Presiden ke-7 Joko Widodo. Foto: Metrotvnews.com/Triawati.
Kautsar Widya Prabowo • 1 January 2025 19:31
Jakarta: Penilaian Organize Crime and Corruption Reporting Project (OCCRP), terhadap Presiden ke-7 RI Joko Widodo (Jokowi) perlu diselidiki lebih lanjut. Sebab, bias dan tidak ilmiah.
"Berdasarkan informasi yang saya temukan, metode yang digunakan oleh OCCRP tidak berbasis pada data hukum dan fakta. Mereka menggunakan pendekatan polling melalui Google Form, yang jelas-jelas tidak ilmiah," kata pengamat komunikasi politik Universitas Bung Karno Faisyal Chaniago, dalam keterangan yang diterima Metrotvnews.com, Rabu, 1 Januari 2025.
OCCRP menuding Jokowi sebagai tokoh korup, berdasarkan polling dan tidak berbasis pada data hukum yang sahih. Menurutnya, penggunaan Google Form untuk polling merupakan metode yang tidak tepat, khususnya dalam menilai sebuah fenomena besar seperti korupsi, yang perlu analisis mendalam dan validitas data.

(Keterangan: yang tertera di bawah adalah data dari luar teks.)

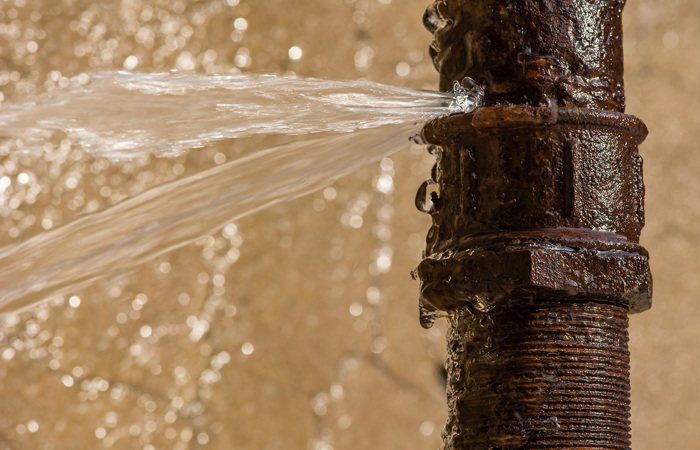 Leaking pipe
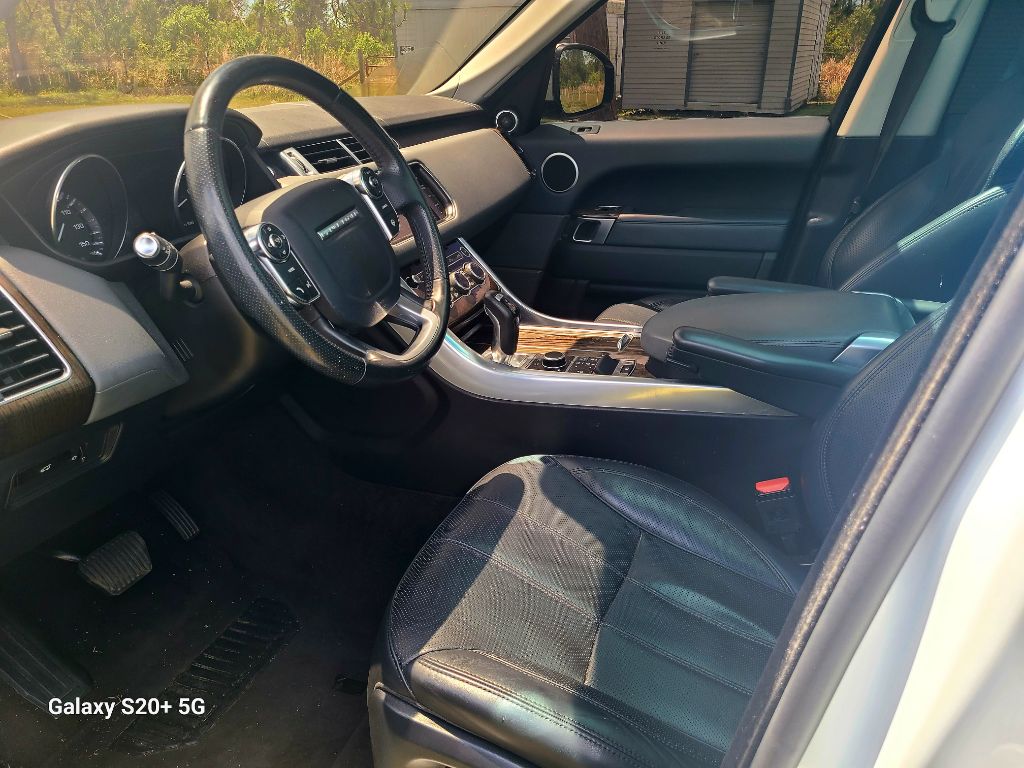 2015 Land Rover Range Rover Sport - $9,990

Faisyal juga mengkritik konsep yang digunakan oleh OCCRP dalam memberikan penilaian terhadap pemimpin-pemimpin dunia. Ia berpendapat bahwa lembaga tersebut membuat indikator-indikator sendiri, mengenai korupsi tanpa adanya data dan fakta yang jelas.

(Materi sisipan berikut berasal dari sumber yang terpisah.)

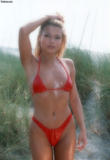 Adriana-Malkova-Bikini-Babe-v1m85ve1e2.jpg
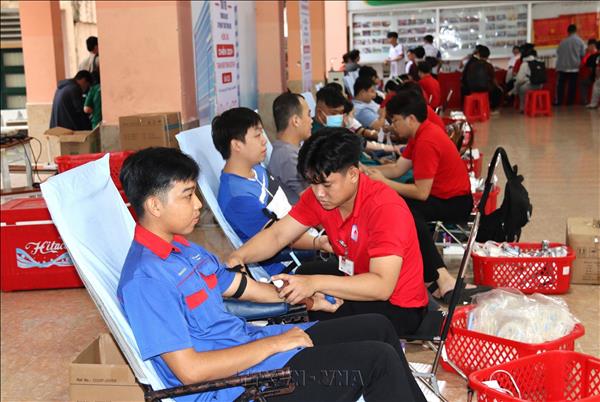 Tuổi trẻ góp những giọt máu hồng vì cộng đồng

"OCCRP membuat indikator sendiri tentang makna korupsi. Kalau semua lembaga bebas membuat variabel-variabel untuk menyusun konsep, maka akan melahirkan konsep-konsep yang bias dan salah," tegasnya.
Dia menambahkan, apabila konsep ini terus dipakai tanpa keilmiahan yang jelas, maka bisa disalahgunakan. Khususnya, dalam menyerang tokoh atau pemimpin yang tidak mereka sukai.

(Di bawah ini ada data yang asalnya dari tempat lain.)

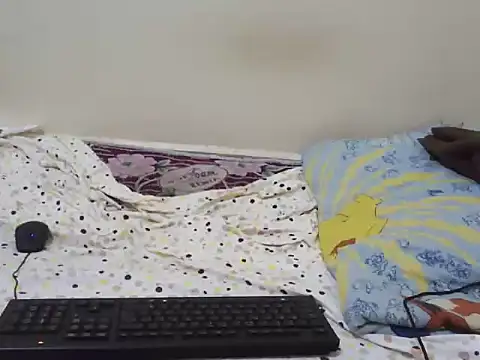 squirtiebitch stripchat live cam model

Faisyal juga menilai bahwa salah satu variabel yang digunakan oleh OCCRP, yakni 'menjarah sumber daya alam', sangat bias. Menurutnya, jika variabel ini digunakan untuk menilai korupsi, maka banyak pemimpin negara industri yang juga dikategorikan serupa.
"Kenapa OCCRP tidak memasukkan presiden negara-negara Eropa dan Amerika yang sudah nyata merusak lingkungan?" kritik Faisyal.
Ia menekankan bahwa penggunaan indikator semacam ini dapat merugikan banyak pihak. Terutama, dilihat dari perspektif global yang lebih luas.
Selain itu, Faisyal mengkritik banyak pihak yang mengabaikan pelanggaran hak asasi manusia yang lebih besar yang terjadi di negara-negara lain. Khususnya, yang melibatkan negara-negara besar seperti Amerika Serikat.
"Presiden yang paling banyak melanggar hak asasi manusia itu bukan Jokowi. Kasus perang di kawasan Timur Tengah, seperti perang Irak, misalnya. Semua dunia tahu siapa yang jadi dalangnya," katanya.
Menurutnya, dalam konteks ini, Amerika Serikat telah menjadi aktor utama dalam hilangnya hak-hak rakyat Irak selama perang, namun tidak ada yang menyebut pemimpin negara tersebut sebagai pemimpin terkorup.
Faisyal juga menilai bahwa laporan OCCRP ini dimanfaatkan oleh politisi-politisi tertentu yang tidak menyukai Jokowi untuk menyerang citra Presiden ke-7 itu.
"Berita OCCRP ini digunakan oleh politisi-politisi yang tak suka dengan Jokowi sebagai senjata untuk menyudutkan Jokowi," kata Faisyal.
Dia menilai
Jokowi tetap pantas mendapat apresiasi atas berbagai pencapaian yang telah diraihnya selama memimpin Indonesia. Misalnya, pembangunan infrastruktur yang berjalan maksimal.
Faisyal menilai bahwa laporan OCCRP terhadap Jokowi sebagai pemimpin terkorup perlu dikaji lebih dalam. Baik dari sisi metodologi yang digunakan maupun variabel-variabel yang diangkat.
Ia mengimbau semua pihak tidak langsung mempercayai penilaian tersebut. Apalagi, tanpa mempertimbangkan konteks yang lebih luas dan fakta yang lebih objektif.
Menurutnya, situasi ini menunjukkan pentingnya pemahaman yang lebih kritis terhadap sumber-sumber informasi yang ada. Terutama, dalam ranah politik global yang sering kali dipenuhi dengan agenda tersembunyi.